Friday, October 14, 2005


Sitting in the dark, writing blind -- you're not with me, but the words are. I chase and catch them like fireflies, to put in my story bottles and toss them into the millions of oceans between us.

Do they reach you, those shimmering bottles that I've made? Sometimes you call out to tell me that you've found them. Do they push back some of the night? Or do you smash them, or let them float away? I'll never know. Only you know if you gather up my bottles in your arms, or stand and watch the tide take them back. Only you see if the dark sands of your shorelines are brightened for a few hours, or littered with useless shards.

We strand ourselves on these islands deliberately, don't we? It's the only way to hunt the elusive light -- alone, silent, in the dark. All this effort for a Crusoe existence, one we often think we would happily trade for a boatload of pearls. Only without the light, pearls become stones, and the boat flounders.

Being here is simple and beautiful, the way life on an island almost always is. We are lonely, but we listen for the voices calling across the waves, and watch what the tide sweeps in. Sometimes we find worn bits of bottles long ago ruined and discarded, still glowing with a little of the color and light they once possessed. We collect those lost gems, worthless to everyone but us.

Storms come, unexpected and ferocious, from any and all directions, as if determined to put out all the light. We ride them out, afraid, hopeful, terrified, defiant. We promise ourselves that the light will return when the wind stops howling and the waves calm. If we're fortunate, another storm won't come until we've picked up and put ourselves back in order. If we're not, we ride the next one, and if enough keep rolling in, we learn to look through the eyes of the storm for the light.

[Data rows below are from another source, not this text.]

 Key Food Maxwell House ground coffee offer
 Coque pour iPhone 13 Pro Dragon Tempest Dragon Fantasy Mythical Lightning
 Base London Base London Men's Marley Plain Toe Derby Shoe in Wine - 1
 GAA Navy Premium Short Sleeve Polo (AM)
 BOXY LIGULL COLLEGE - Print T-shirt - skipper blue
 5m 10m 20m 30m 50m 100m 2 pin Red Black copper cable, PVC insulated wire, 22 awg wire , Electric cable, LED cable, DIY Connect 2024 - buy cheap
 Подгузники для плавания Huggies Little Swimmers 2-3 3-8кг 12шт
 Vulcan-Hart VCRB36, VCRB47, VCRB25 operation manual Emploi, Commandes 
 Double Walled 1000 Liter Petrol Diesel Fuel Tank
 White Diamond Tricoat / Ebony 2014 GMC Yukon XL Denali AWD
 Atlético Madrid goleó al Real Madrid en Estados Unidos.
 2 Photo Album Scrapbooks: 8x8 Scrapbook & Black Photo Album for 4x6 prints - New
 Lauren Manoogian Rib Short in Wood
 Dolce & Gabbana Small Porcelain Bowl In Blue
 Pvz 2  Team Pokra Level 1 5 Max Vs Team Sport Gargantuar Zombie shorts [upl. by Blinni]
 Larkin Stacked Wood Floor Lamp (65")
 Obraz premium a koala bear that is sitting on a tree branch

Tomorrow is almost here. You won't be with us, but the words will. We will chase them and catch them in our story bottles, and throw that captured light into the dark unknown. Then we will listen for your voices, and watch the tides as we touch the long strands of sea glass that we wear, our only jewels, our precious talismans.


  1. what a beautiful metaphor for writing....

  2. Anonymous1:50 AM

    That was quite lovely.

  3. Anonymous7:51 AM

    I have a Dark Tower for my writing rather than an island. I dream of oen day casting my spells at the horizon...

    But yes, you brightened my day.

  4. What a beautiful post to begin the day. Thanks, PBW.

  5. May the oceans always be stormy, and may our bottles never sink.


  6. An elegant metaphor.

    I don't know if there's much more to say than that.

  7. It made me teary. That's beautiful, Sheila. :)


  8. Anonymous4:34 PM

    Wow, this is so lyrical, beautiful. It feels like a poem to me, or a song with some tweaking.

  9. Words just can't express...

  10. Anonymous8:16 PM

    Now THAT'S writing.


  11. Thank you, that post really helped me.

    So far I've never experienced a total block since I started writing in 2001. Slow times, yes, times when I went in the wrong direction, yes (SF isn't my genre, lol) but I've always written some, or at least done research, outlined etc. Not so those last five weeks. I read a lot, but didn't work on my NiPs except the required edits for my anthology story.

    I faced a storm but failed to see storms are part of our life. I scolded myself for not writing which made things worse. But I had to ride out that storm and watch the dark clouds chasing over me instead of writing. I now understand it was a normal reaction.

    The storm has passed and left behind an empty void only memories can fill.

    The sun is shining outside, sparkling in the cobwebs studded with jewels of dew, brightening the red and yellow leaves of the trees. A light I'll try to catch.

    An idea for a scene: Talorcan, warrior and hunter of the Selgovian tribe, lets escape a deer, moved by the beauty of a perfect autumn day.

    It will probably not make it into the final version, but I feel it will get me back into writing.

    Thank you.

  12. Gabriele wrote: "It will probably not make it into the final version, but I feel it will get me back into writing."

    And, really, that makes it one of the more important scenes you can write-- the scene that primes your pump and brings back your writing. Be it a trickle or a gusher, may it sustain you.